I always fantasized about meeting a huge rock star. Along the way it unfolds that he wants to work with me at what I love to do – in my case, painting. Usually by this point, the daydream ends or the alarm clock rings…. The truth is this really happened, and the huge star was real; I never imagined I would work with Bruce Springsteen.

In reality, I saw that working with a star was never exactly what you thought or pictured it to be. Fortunately, in many ways, it was better. I may have passed up an opportunity of a lifetime, I will touch on later, that I could have easily resolved today, but this was pre-internet. All said, life has a way of playing out, regardless if better choices were not executed at the time.
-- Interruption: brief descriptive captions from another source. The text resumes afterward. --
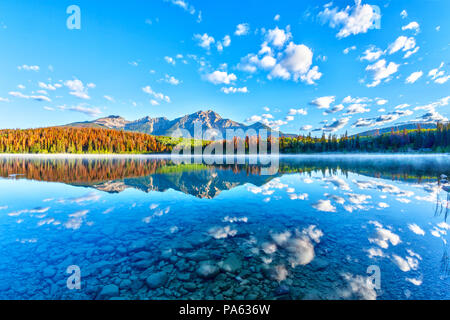 Lever de soleil sur lac Patricia dans le Parc National Jasper avec Pyramid Mountain en arrière-plan et brumeux brouillard sur la surface de l'eau. Eaux calmes se créer Banque D'Images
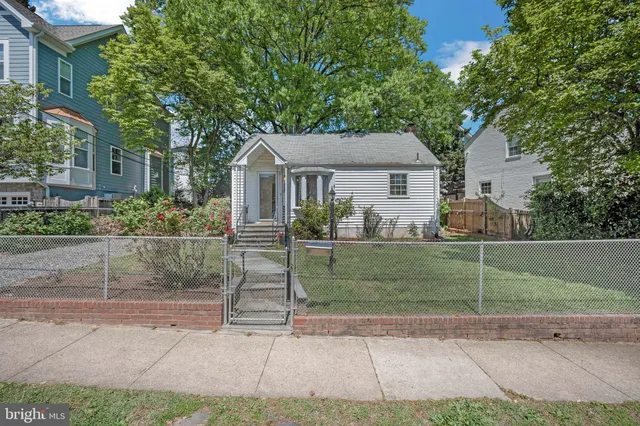 a view of a yard in front of a house with large tree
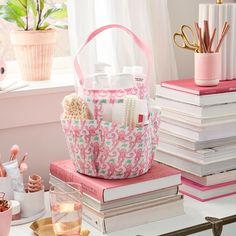 a pink and white purse sitting on top of a pile of books next to a window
Bruce Springsteen’s album cover, the one I was originally asked to create, held dark tones of the mean streets Bruce sings about. Fortunately I made that design happen for the cover; then something unexpected occurred which mucked it all up. But here’s the squeeze: I always dreamed big, real big, perhaps too big. And although I missed the moon, barely grazed a star, I think I hit a satellite. Yes, definitely a satellite. And I would have never hit that damn thing if I did not dream big in the first place. The dreams of hitting the moon began when I was young and naive enough to dream of becoming a well-known painter and gracing the walls of the Metropolitan and MoMa.

To speed things up a bit here, this all started with designing a book jacket illustration for an art director at Disney’s Hyperion books. Many projects just led into the next this way. Soon Victor Weaver, the art director I worked with, recommended me to work with his other client on a book interior with Simon and Schuster. It was a rock and roll book with the founding member from Spin magazine, Scott Cohen. His collection of interviews contained midnight confessions he did with everyone from Talking Heads’ David Byrne, to Madonna, to even Bobby Dylan. I fit illuminating images into the interior with photos of so many musicians, from James Brown sweat droplets to a coy Marianne Faithfull in several Rolling Stones spreads. We sprinkled the photos with insights about their lives in the evening of the day as tears go by in this book Yakety Yak.

After working with me on this huge rock and roll project, the client was surprised to learn I was a painter as well. She asked to see more of my artwork and mentioned something I never forgot; she felt I painted in the same style that Bruce Springsteen wrote songs. She worked with Bruce for a long time and with Victor as well, and she felt that we would be a good fit if I could work together on some projects with Bruce. We started on a few concepts at first. I think it may have originally started with his CD cover art, and while doing so we began to work on his world tour book at the same time. Soon a dozen other art related projects followed.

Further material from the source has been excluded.